═════ Input for this task

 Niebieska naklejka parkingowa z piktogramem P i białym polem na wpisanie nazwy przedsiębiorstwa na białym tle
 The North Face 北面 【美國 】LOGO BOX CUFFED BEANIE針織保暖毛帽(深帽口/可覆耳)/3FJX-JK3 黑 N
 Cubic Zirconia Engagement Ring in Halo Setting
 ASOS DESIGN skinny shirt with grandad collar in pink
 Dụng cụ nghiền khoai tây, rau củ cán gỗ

══════════

About this exercise | The line with "Cubic Zirconia Engagement" marks where to start. Transcribe from there through the final line of the records, exactly and with nothing added.

Answer to this exercise |
 Cubic Zirconia Engagement Ring in Halo Setting
 ASOS DESIGN skinny shirt with grandad collar in pink
 Dụng cụ nghiền khoai tây, rau củ cán gỗ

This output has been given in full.